-- DATASET --

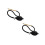 2Pcs Plastic Sugar Blower Pump Manual Tool for Sugar Art 4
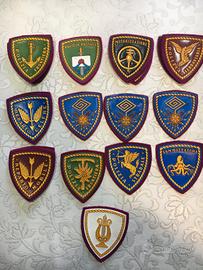 Stemmi Polizia parte 2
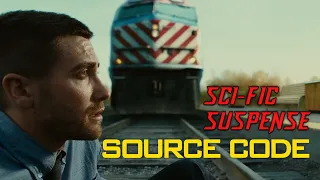 SEAN Hit by Train - Source Code (2011) | Sci-Fic, Suspense | M laZe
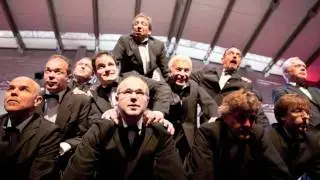 Heidelberger HardChor bewegungslos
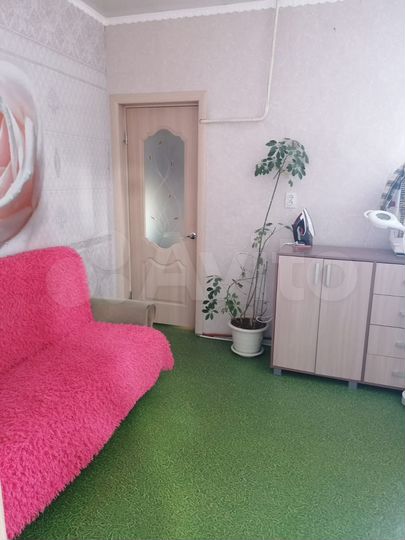 3-к. квартира, 55,5 м², 1/2 эт.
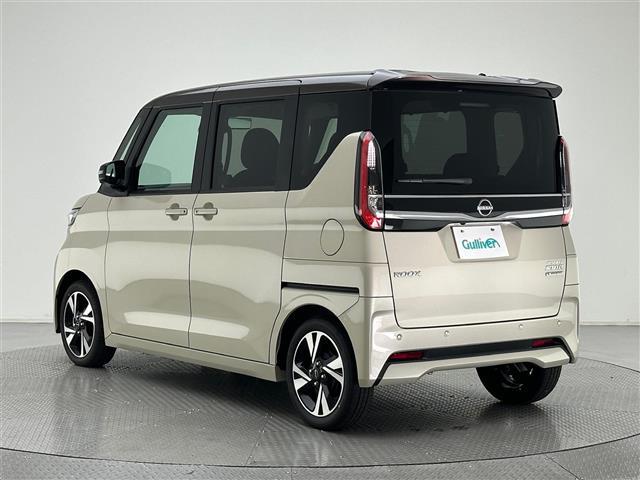 ルークス ハイウェイスター Gターボプロパイロットエディション 純正ディスプレイオーディオ(BT、HDMI、カープレイ) 全方位カメラ デジタルインナーミラー 両側パワースライドドア プロパイロット 電子パーキング ブレーキホールド オートライト ターボ過給機(27枚目)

-- TASK STATEMENT --
With all pictures excluded, output exactly the lines from the one containing "SEAN Hit by" through the final line of the entries, inclusive.

-- PROBLEM SOLUTION --
 SEAN Hit by Train - Source Code (2011) | Sci-Fic, Suspense | M laZe
 Heidelberger HardChor bewegungslos
 3-к. квартира, 55,5 м², 1/2 эт.
 ルークス ハイウェイスター Gターボプロパイロットエディション 純正ディスプレイオーディオ(BT、HDMI、カープレイ) 全方位カメラ デジタルインナーミラー 両側パワースライドドア プロパイロット 電子パーキング ブレーキホールド オートライト ターボ過給機(27枚目)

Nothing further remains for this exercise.